According to the report, 12% of leaks on GitHub occur within public repositories owned by organizations and 85% of the leaks occur on developer’s personal repositories. Secrets present in all these repositories can be either personal or corporate and this is where the risk lies for organizations as some of their corporate secrets are exposed publicly through their current or former developer’s personal repositories.
Types of Secrets Found
- 27.6% Google keys
- 15.9% Development tools (Django, RapidAPI, Okta,
- 15.4% Data storage (MySQL, Mongo, Postgres,...)
- 12% Other (including CRM, Cryptos, identity providers, payments systems, monitoring)
- 11.1% Messaging systems (Discord, Sendgrid, Mailgun, Slack, Telegram, Twilio…)
- 8.4% Cloud provider (AWS, Azure, Google, Tencent, Alibaba…)
- 6.7% Private keys
- 1.9% Social network
- 0,8% Version Control Platform (GitHub, GitLab)
- 0.4% Collaboration tools (Asana, Atlassian, Jira, trello, Zendesk...)
Top 10 File Extensions
As you might expect, with the many programming languages, frameworks and coding practices adopted throughout the world, there is a very long list of extensions that can contain secrets here is the view of the top 10.
- Top 10 file extensions account for 81% of all the results,
- The top 3 accounting for over 56% of the results:
- 27.7% Python
- 9.6% Environment variables file
- 7.5% JSON
- 4% Properties
- 3.6% PEM
- 3.2% PHP
- 2.7% YAML
- 2.2% XML
- 2% Typescript
GitHub is more than ever “The Place to Be” for developers when it comes to innovating, collaborating and networking.
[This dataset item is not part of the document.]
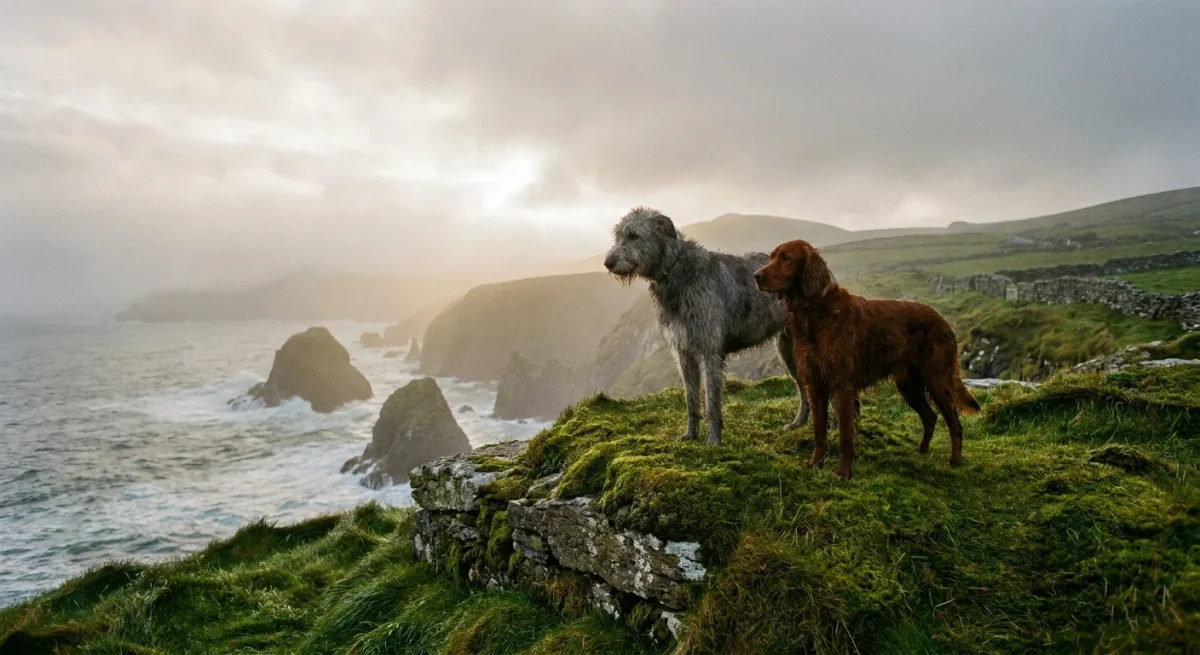 Un Ogar Irlandez și un Setter Irlandez stând pe o faleză stâncoasă și înverzită de pe coasta Irlandei.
GitHub gathers more than 50 million developers working on their personal and/or professional projects. When 60 million repositories are created in a year and nearly two billion contributions added, some risks arise for companies even if they don’t use GitHub or open source their code, because their developers do.
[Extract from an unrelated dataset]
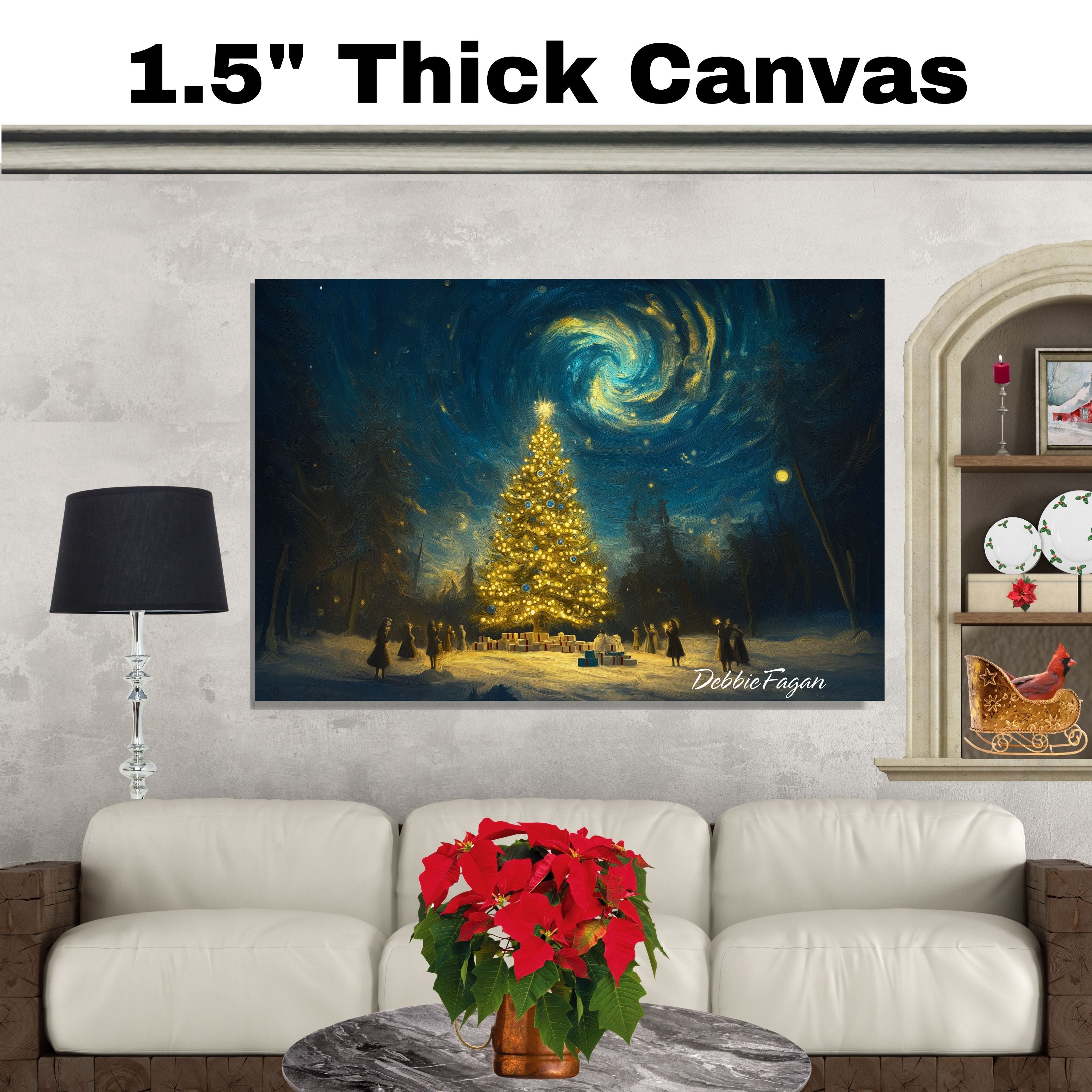 A Surreal Night Scene of a Glowing Christmas Tree on Ready to Hang 1.5" Thick Canvas Wrap, Floating Framed Canvas, Flat Rolled Canvas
As architectures move to the cloud and rely more on components and applications, the growth of commits occurring and the use of digital authentication credentials has increased the number of secrets detected. To compound the problem companies are pushing for shorter release cycles, developers have many technologies to master, and the complexity of enforcing good security practices increases with the size of the organization, the number of repositories, the number of developer teams and their geographical spread.
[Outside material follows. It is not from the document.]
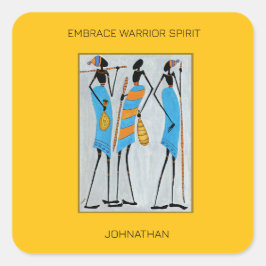 Pegatina Cuadrada Guerreros masái de arte inspirador y africano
Companies can’t avoid the risk of secrets exposure even if they put in place centralized secrets management systems. Solutions are available for them to automate secrets detection and put in place the proper remediation, but the market is far from mature on this subject. “The reality is most organizations are operating blind. Most leaks of organization’s credentials on public GitHub occur on developers’ personal repositories, where organizations often have no visibility, let alone the authority to enforce any kind of preventive security measures.” Jeremy Thomas, CEO GitGuardian
Some best practices can be followed to limit the risk of secrets exposure or the impact of a leaked credential:
- Never store unencrypted secrets in .git repositories
- Don’t share your secrets unencrypted in messaging systems like slack
- Store secrets safely
- Restrict API access and permissions
But respecting them is not sufficient and companies need to secure the SDLC with automated secrets detection. Choosing a secrets detection solution they need to take into account:
- Monitoring developers’ personal repositories capacities
- Secrets detection performance - Accuracy, precision & recall
- Real-time alerting
- Integration with remediation workflows
- Easy collaboration between Developers, Threat Response and Ops teams.